» EXERCISE BRIEF:
If a line below holds the word "Black", count it; then say how many such lines there are and nothing else.

» DATASET EXTRACT:
>>>

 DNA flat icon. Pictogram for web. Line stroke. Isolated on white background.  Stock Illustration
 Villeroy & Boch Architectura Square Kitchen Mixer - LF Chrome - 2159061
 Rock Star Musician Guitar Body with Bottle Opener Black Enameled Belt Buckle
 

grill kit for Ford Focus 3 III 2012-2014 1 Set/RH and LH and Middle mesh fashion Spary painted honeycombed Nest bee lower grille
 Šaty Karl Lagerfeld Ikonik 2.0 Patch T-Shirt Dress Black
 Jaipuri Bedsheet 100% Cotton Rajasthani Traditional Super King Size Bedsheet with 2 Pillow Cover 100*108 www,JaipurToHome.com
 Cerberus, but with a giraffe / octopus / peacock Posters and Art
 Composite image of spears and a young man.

<<<
>>>

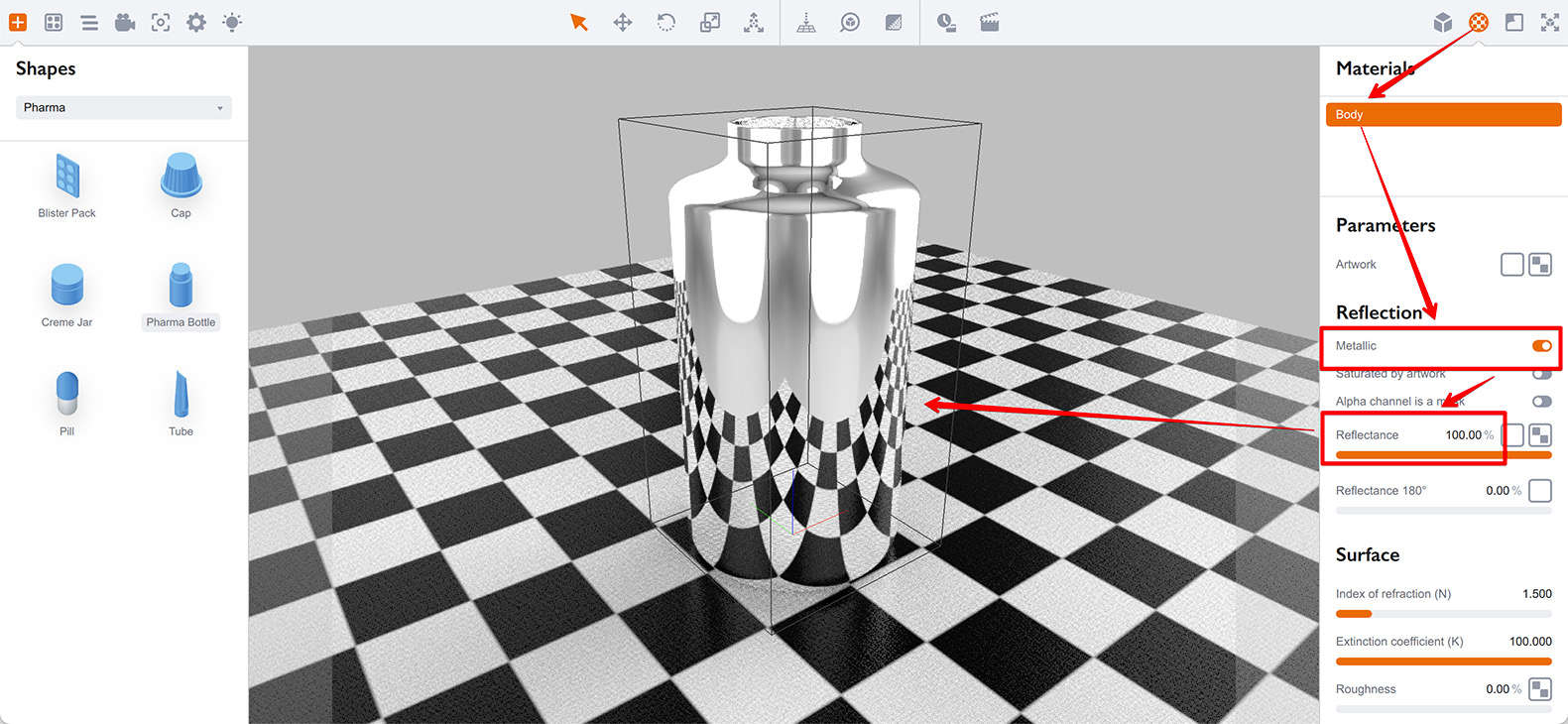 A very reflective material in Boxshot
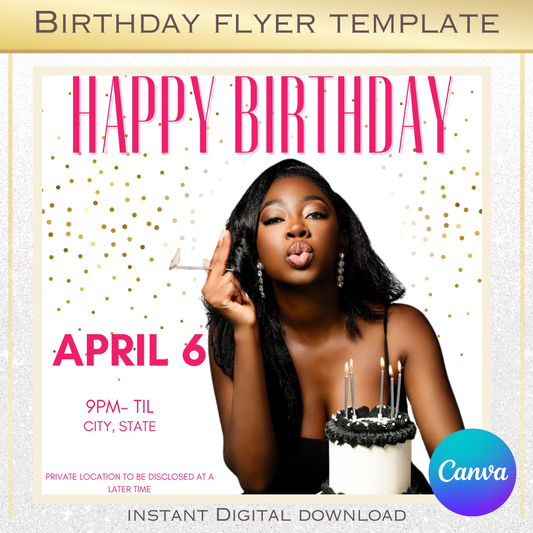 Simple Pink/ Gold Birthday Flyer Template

<<<
>>>

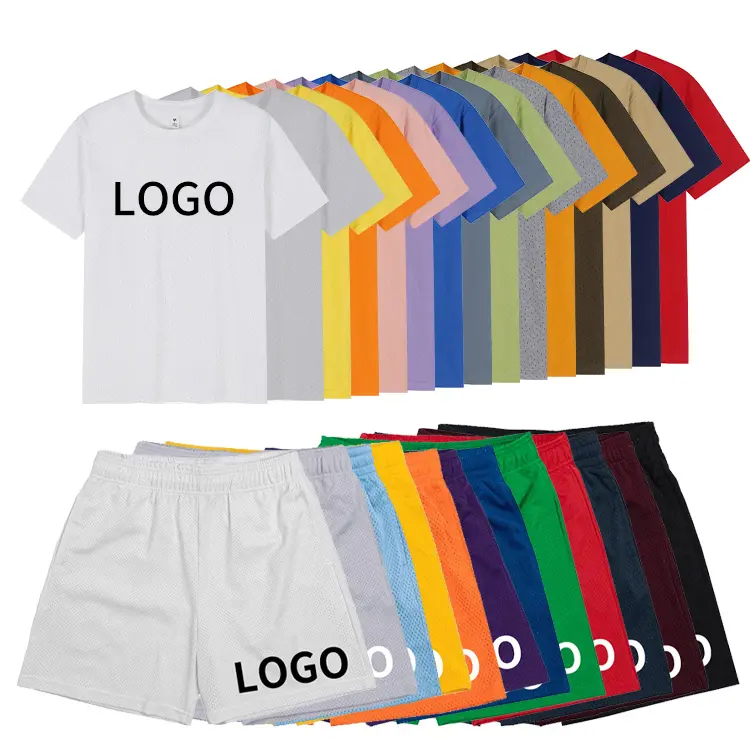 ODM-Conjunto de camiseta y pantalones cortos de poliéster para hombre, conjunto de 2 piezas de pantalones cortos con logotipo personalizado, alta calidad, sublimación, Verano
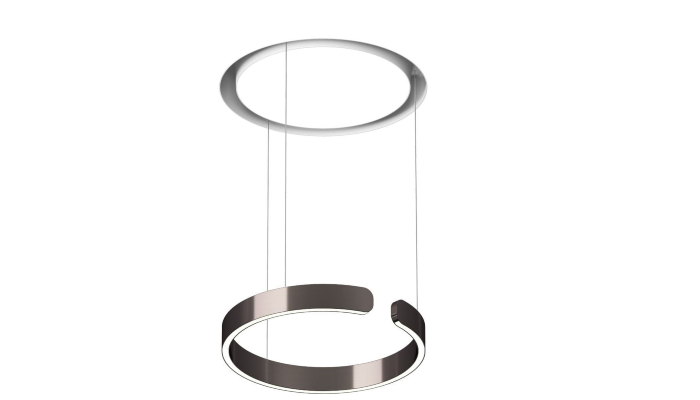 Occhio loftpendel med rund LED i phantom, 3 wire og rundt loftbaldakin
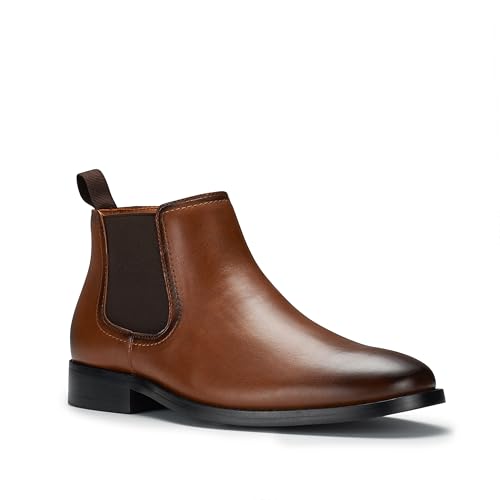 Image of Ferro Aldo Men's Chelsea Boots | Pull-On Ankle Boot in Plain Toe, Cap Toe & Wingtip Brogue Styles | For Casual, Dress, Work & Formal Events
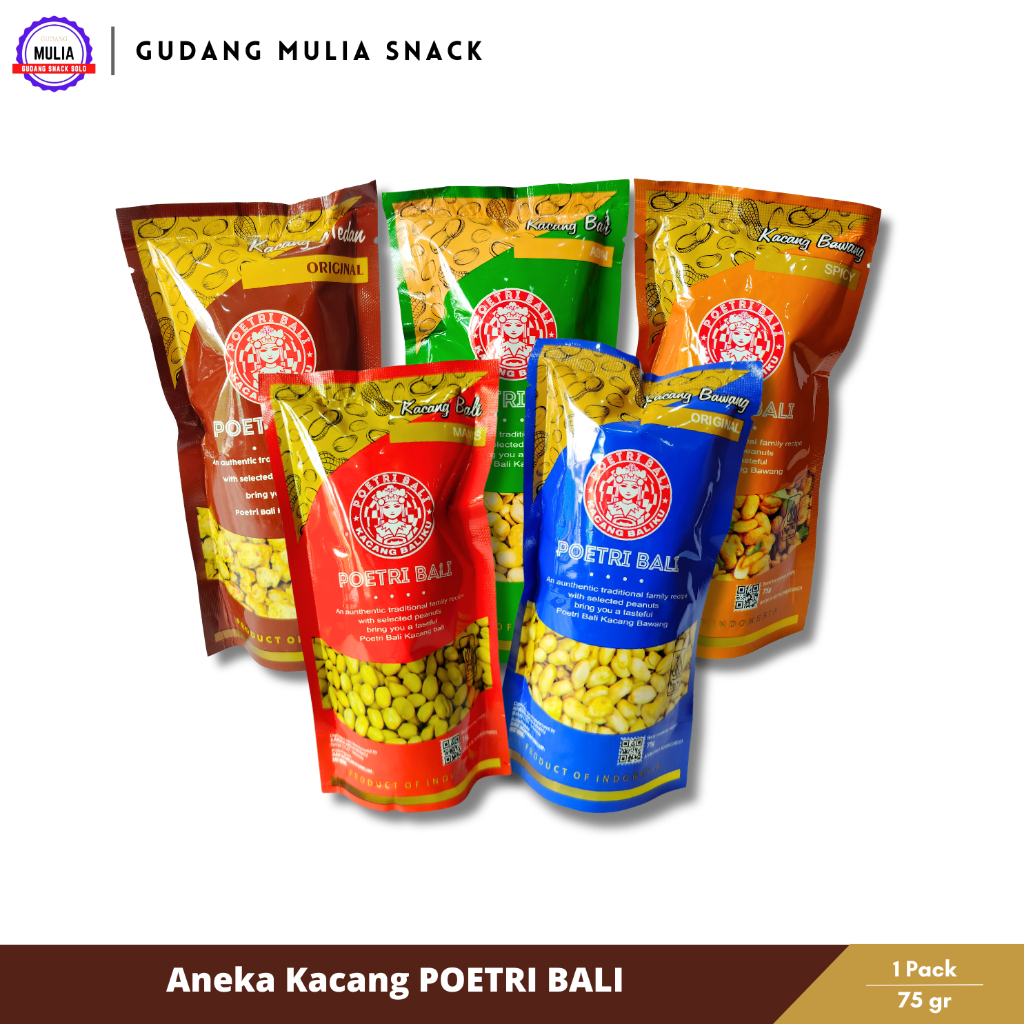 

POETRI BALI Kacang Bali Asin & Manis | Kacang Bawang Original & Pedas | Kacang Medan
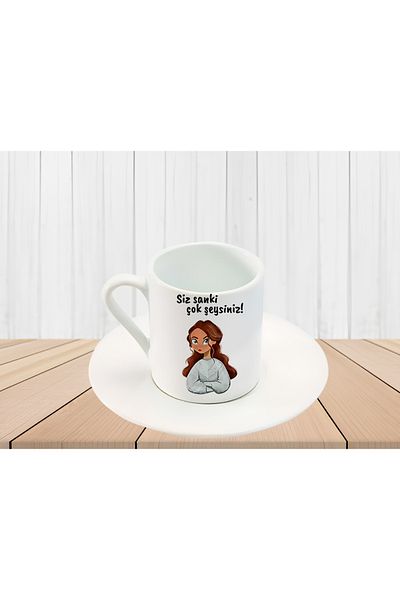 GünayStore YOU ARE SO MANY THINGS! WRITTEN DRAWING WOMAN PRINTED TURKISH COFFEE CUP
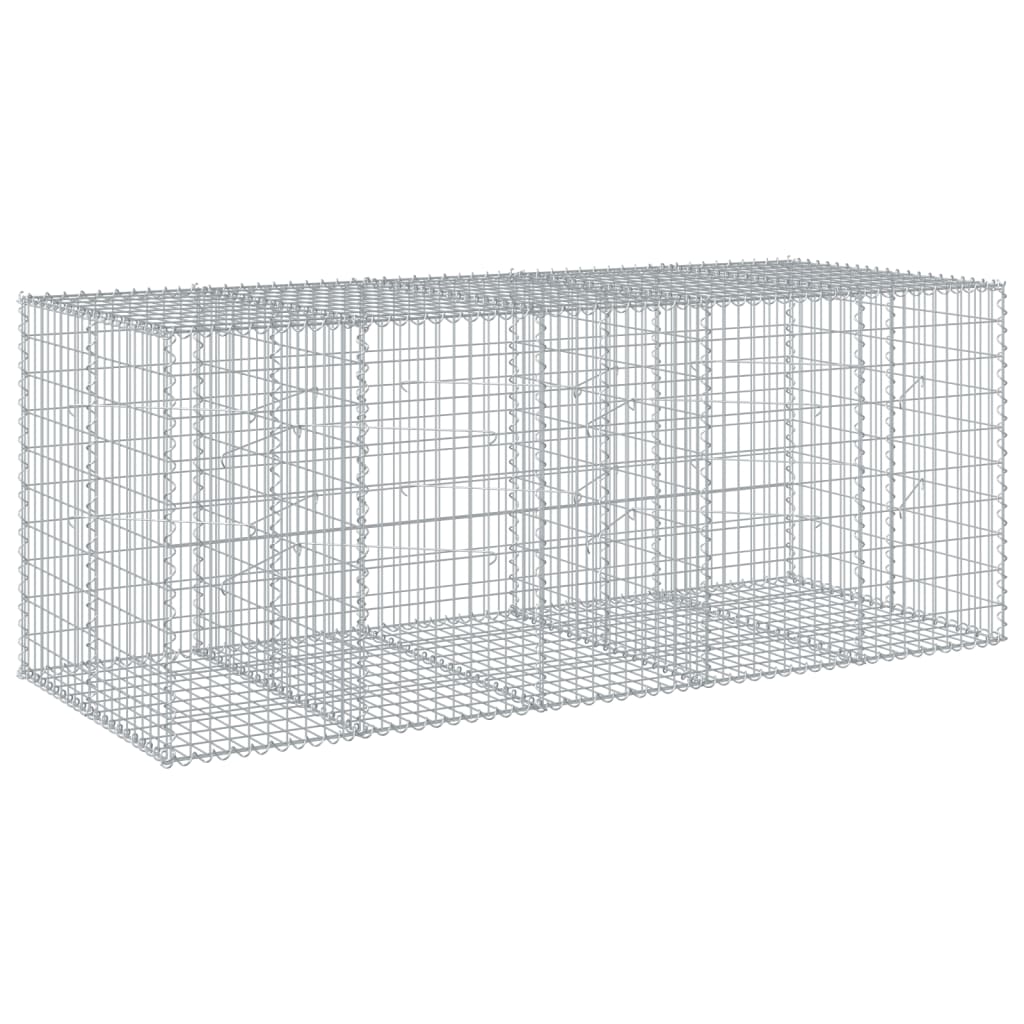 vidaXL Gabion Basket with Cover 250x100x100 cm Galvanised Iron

<<<

» EXERCISE SOLUTION:
2